L’eau de la nappe phréatique alsacienne est quasi-inépuisable

FAUX
Certes, la nappe phréatique rhénane est l’une des plus importantes réserves en eau souterraine d’Europe, elle s’étend en Alsace sur 3 200 km2, avec une quantité d’eau stockée estimée entre 35 et 50 milliards de m3 (soit le volume annuel du Rhin!) mais elle est aujourd’hui très vulnérable. Située à faible profondeur, la nappe subit des dégradations liées à diverses pollutions ; ces pollutions sont souvent dues aux anciennes industries (sels, produits chimiques…) dont les rejets n’étaient pas contrôlés comme aujourd’hui. 
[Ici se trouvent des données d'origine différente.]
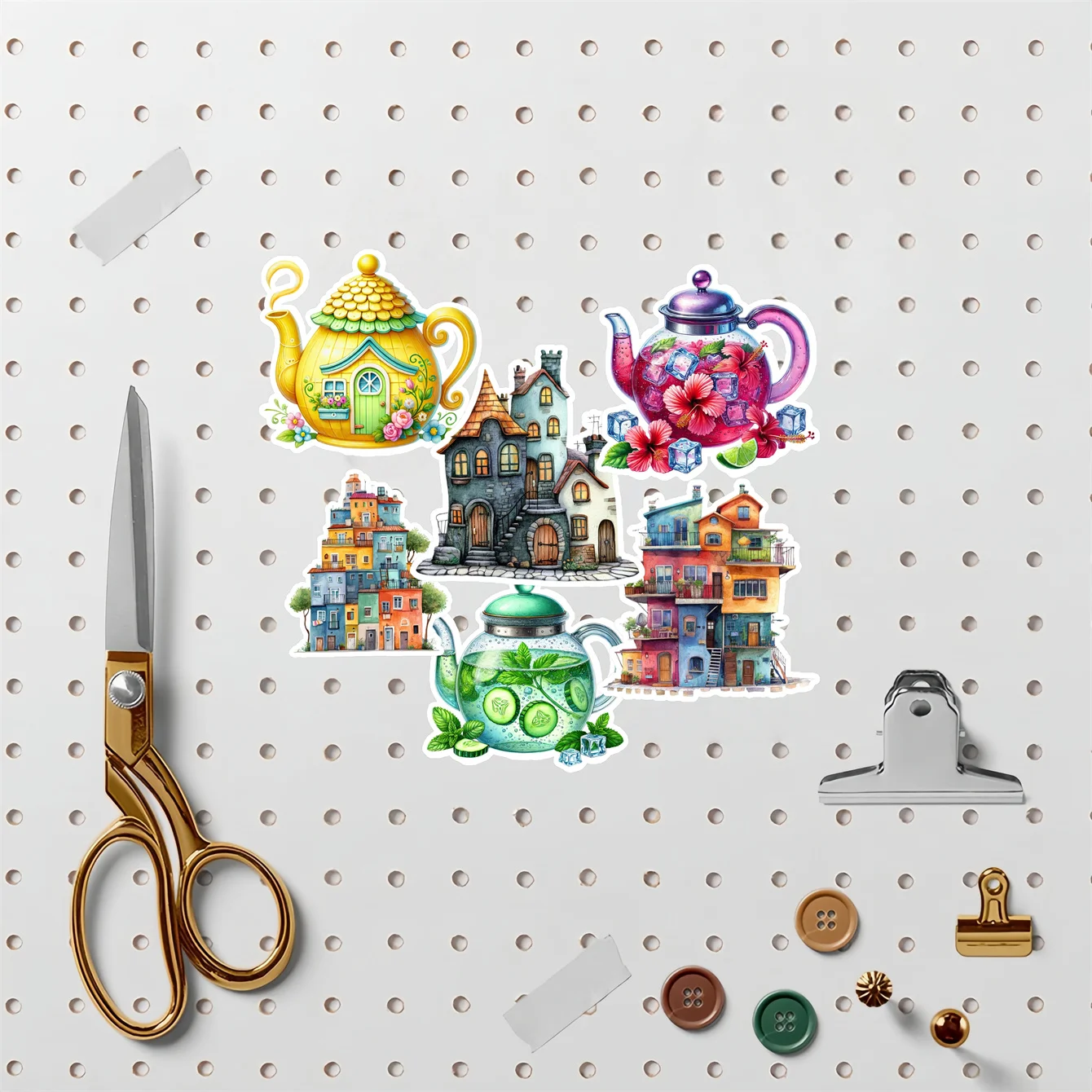 18pcs Creative Self-made Fruit Flower Tea Kettle Scrapbooking Stickers/decorative /DIY Craft Photo Albums Planner Stickers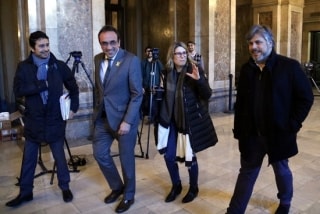 Els diputats de JxCAT Josep Rull, Elsa Artadi i Albert Batet, i Damià Calvet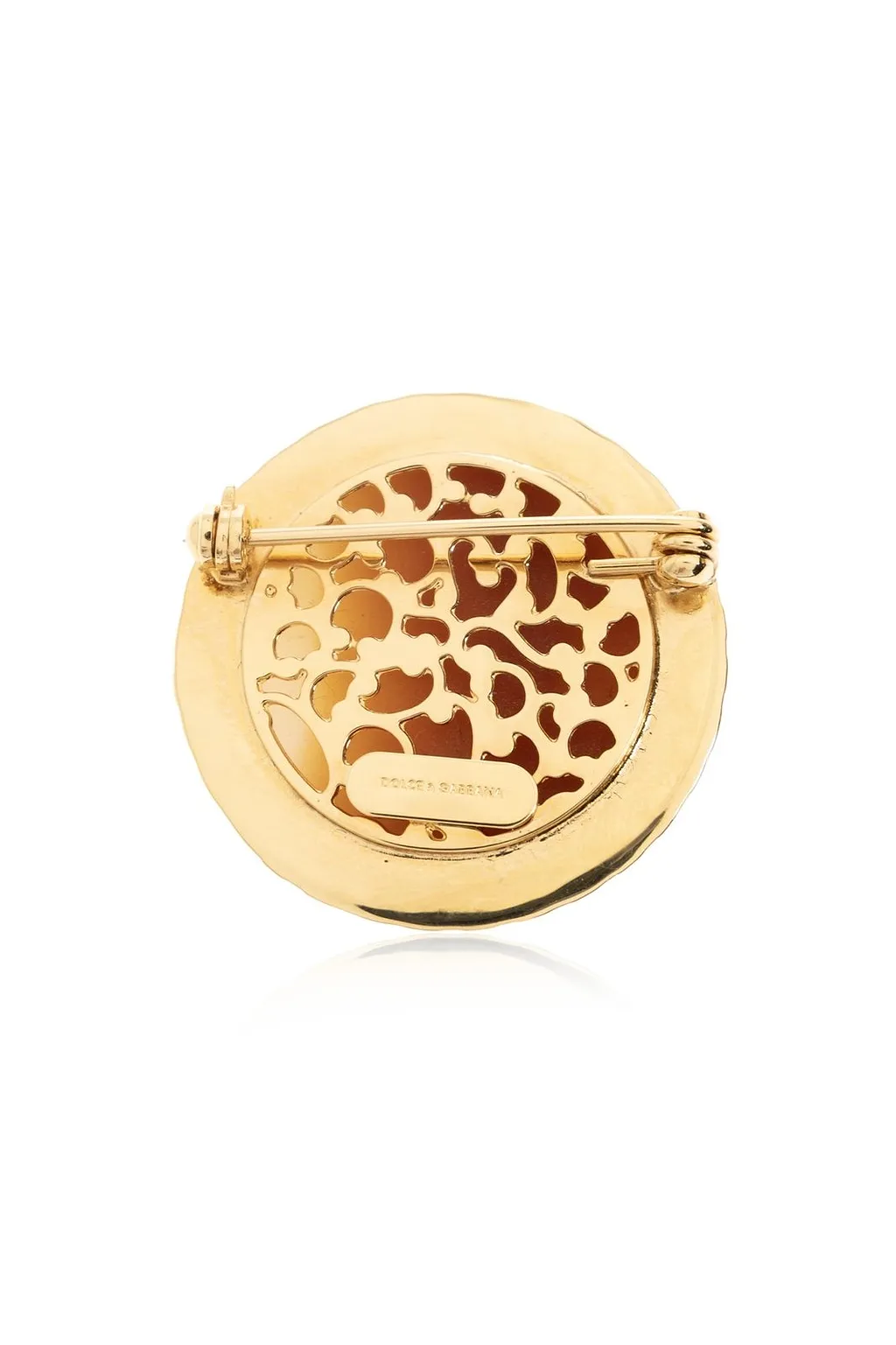 Dolce & Gabbana Round Embellished Cameo Brooch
L’Alsace dispose d’un patrimoine aquatique et de ressources en eau potable considérables mais tout le Département n’est pas logé à la même enseigne

VRAI
80% de la population haut-rhinoise est alimentée en eau potable prélevée dans les nappes : 30% dans la nappe de la Doller et 50% dans la nappe phréatique rhénane. 15% de la population est quant à elle alimentée par des sources, principalement dans le Sundgau et dans la montagne vosgienne où les réserves sont de plus faibles quantités. C’est pourquoi, certaines communes connaissent régulièrement des problèmes d’approvisionnement de l’eau tant en termes qualitatif que quantitatif. Les 5% restants sont alimentés par des prises en rivières notamment dans la Lauch.

Le réchauffement climatique va multiplier à l’avenir les périodes de sécheresse prolongées.

VRAI
L’une des conséquences du dérèglement climatique est d’engendrer des extrêmes climatiques. Les périodes de sécheresse seront de plus en plus longues et prononcées ; les épisodes pluvieux engendreront quant à eux des crues de plus en plus violentes et concentrées dans le temps. Cette réalité a déjà eu des conséquences financières pour notre collectivité qui a décidé de surdimensionner ses ouvrages d’art pour les adapter aux phénomènes climatiques plus violents.

En période de sécheresse, il n’y a rien à faire… simplement attendre la pluie.

FAUX
Chacun doit se responsabiliser et adopter les bons gestes dans ses usages quotidiens: ne pas laver sa voiture, préférer la douche au bain, ne pas arroser sa pelouse. Agriculteurs et industriels sont aussi encouragés à réduire leur consommation, par de nouvelles pratiques de culture (des céréales moins gourmandes) ou d’irrigation et par des modes opératoires plus économes en eau. Adaptées aux différents usagers, les mesures de restriction sont progressives : elles vont de la limitation des prélèvements d’eau à l’interdiction complète, selon le niveau de réponse qu’appelle la situation locale (vigilance, alerte, crise ou crise renforcée).